Data extract:
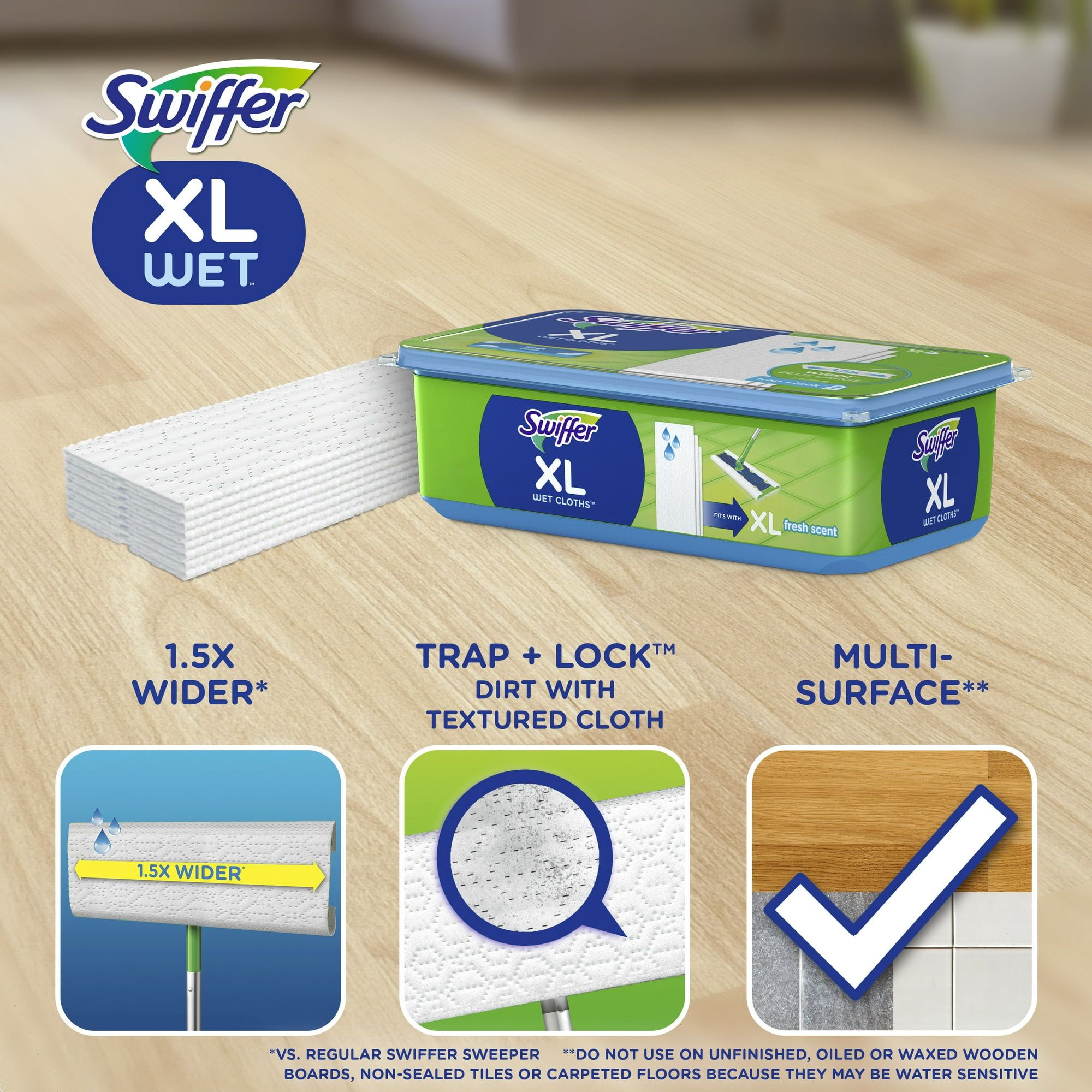 Swiffer Sweeper XL Wet Pad Refills, Open Window Fresh, 12 Count - SJB-DIAMOND ELITES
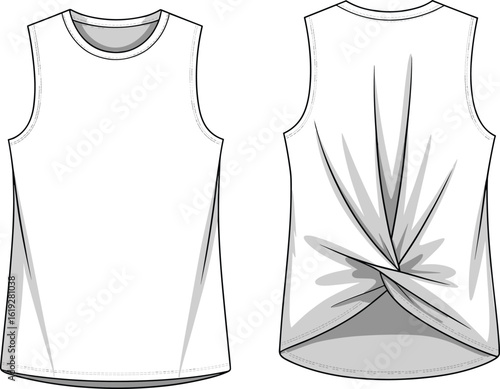 Fashionable white sleeveless top for women with a trendy twisted knot detail on the back, ideal for summer and activewear.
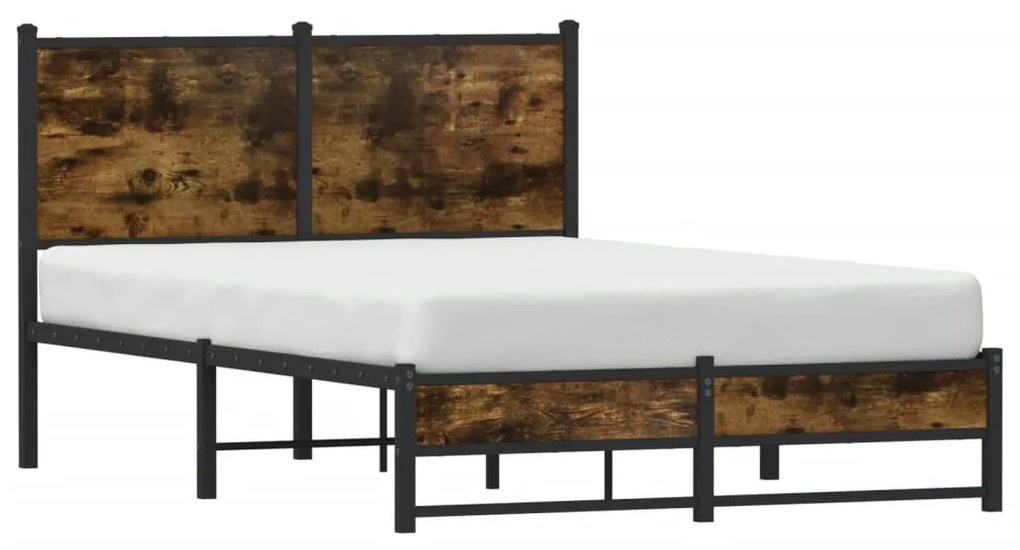 Estrutura de cama sem colchão 120x190 cm metal carvalho fumado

What to produce: Could you write out every line above exactly as it stands, with no images?

Result:
 Swiffer Sweeper XL Wet Pad Refills, Open Window Fresh, 12 Count - SJB-DIAMOND ELITES
 Fashionable white sleeveless top for women with a trendy twisted knot detail on the back, ideal for summer and activewear.
 Estrutura de cama sem colchão 120x190 cm metal carvalho fumado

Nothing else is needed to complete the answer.